Jeśli Fallout traktuje przede wszystkim o zostawianiu swojego śladu w świecie, Twoim czynom musiały towarzyszyć odpowiednie konsekwencje, a także odpowiednia wolność. Fallout 1 i 2 rozumieją, że „moralność” czy „karma” nie są zjawiskami binarnymi, dlatego oprócz nieograniczonej punktacji przyznawanej za Twoje decyzje, określały też postać z pomocą specjalnych cech reputacji. Zabijasz dzieci – zostajesz naznaczony do końca gry. Jeśli używasz seksu, by osiągać swoje cele, być może kładziesz też podwaliny pod karierę gwiazdy porno w New Reno; albo wylądować na przymuszonym ślubie, jeśli traktujesz taką opcję jako głupotę. Gdy biegasz po radioaktywnym szlamie, obudzisz się z dodatkowym palcem u nogi, który jeszcze może odegrać rolę w samej końcówce gry.
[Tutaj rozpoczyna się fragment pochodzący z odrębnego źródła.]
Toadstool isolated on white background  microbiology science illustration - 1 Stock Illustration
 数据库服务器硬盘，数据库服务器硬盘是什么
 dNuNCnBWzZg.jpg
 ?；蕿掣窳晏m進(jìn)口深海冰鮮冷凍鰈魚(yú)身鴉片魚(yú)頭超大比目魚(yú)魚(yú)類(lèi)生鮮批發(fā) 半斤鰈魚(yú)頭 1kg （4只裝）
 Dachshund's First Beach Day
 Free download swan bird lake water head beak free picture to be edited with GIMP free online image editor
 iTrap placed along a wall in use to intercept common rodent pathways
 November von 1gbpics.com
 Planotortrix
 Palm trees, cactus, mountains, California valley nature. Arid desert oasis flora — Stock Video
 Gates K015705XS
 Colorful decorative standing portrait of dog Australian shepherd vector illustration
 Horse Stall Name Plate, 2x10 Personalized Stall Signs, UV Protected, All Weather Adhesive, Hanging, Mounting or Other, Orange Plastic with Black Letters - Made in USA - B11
Konsekwencje widoczne są też w ilości permutacji i przetasowania talii, do jakich możesz doprowadzić w toku rozgrywki, szczególności w drugiej części serii, chociażby historia miasteczka Modoc i przypadkowego sojuszu z „miastem duchów”, do jakiego możesz doprowadzić. Na szczególną uwagę zasługują drobne i większe skurwysyństwa, jakich możesz dokonywać rozwiązując problem Kryptopolis i Gecko – zło, na które pozwala stary Fallout to coś, czego we współczesnych cRPGach brakuje. Black Isle, a później Obsidian, pozwalały na naprawdę szczególne odbicie stopy w swoich wirtualnych światach. New Vegas w szczególności zręcznie przenosi ten ciężar na system reputacji u poszczególnych frakcji, czyniąc z wykonywania misji manipulacyjną metagrę.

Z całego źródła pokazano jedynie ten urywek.